Only the lines from the top of the material through the line containing "118 Oakside Dr, Moore, OK 73160" should be restated, each one exactly.

> **RECORD EXCERPTS**:
◆ ◆ ◆

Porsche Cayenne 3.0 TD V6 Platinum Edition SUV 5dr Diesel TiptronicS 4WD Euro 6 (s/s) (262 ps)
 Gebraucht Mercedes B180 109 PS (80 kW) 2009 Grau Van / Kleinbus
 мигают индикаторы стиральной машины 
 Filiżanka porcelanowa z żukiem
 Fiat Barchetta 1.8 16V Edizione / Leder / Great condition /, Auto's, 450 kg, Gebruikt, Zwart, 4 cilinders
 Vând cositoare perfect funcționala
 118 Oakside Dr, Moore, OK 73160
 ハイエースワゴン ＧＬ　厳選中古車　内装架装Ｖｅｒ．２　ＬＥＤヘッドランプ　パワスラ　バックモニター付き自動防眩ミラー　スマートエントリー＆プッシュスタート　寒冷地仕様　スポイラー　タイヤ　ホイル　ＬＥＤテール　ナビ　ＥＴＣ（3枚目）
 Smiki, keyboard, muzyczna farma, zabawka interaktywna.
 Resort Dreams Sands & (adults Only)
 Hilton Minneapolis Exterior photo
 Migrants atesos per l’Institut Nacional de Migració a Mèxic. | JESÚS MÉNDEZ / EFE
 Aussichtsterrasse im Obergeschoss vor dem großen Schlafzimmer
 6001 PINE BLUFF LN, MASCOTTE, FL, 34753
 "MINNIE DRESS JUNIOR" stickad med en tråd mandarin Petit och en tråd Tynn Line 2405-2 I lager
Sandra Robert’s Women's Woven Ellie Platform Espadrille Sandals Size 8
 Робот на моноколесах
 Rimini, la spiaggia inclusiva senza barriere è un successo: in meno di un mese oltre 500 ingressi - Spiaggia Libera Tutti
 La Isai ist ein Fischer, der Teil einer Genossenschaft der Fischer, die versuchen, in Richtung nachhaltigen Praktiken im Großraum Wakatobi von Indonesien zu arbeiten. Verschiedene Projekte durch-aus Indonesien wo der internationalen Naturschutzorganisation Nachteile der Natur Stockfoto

◆ ◆ ◆

> **OUTPUT OF THE TASK**:
Porsche Cayenne 3.0 TD V6 Platinum Edition SUV 5dr Diesel TiptronicS 4WD Euro 6 (s/s) (262 ps)
 Gebraucht Mercedes B180 109 PS (80 kW) 2009 Grau Van / Kleinbus
 мигают индикаторы стиральной машины 
 Filiżanka porcelanowa z żukiem
 Fiat Barchetta 1.8 16V Edizione / Leder / Great condition /, Auto's, 450 kg, Gebruikt, Zwart, 4 cilinders
 Vând cositoare perfect funcționala
 118 Oakside Dr, Moore, OK 73160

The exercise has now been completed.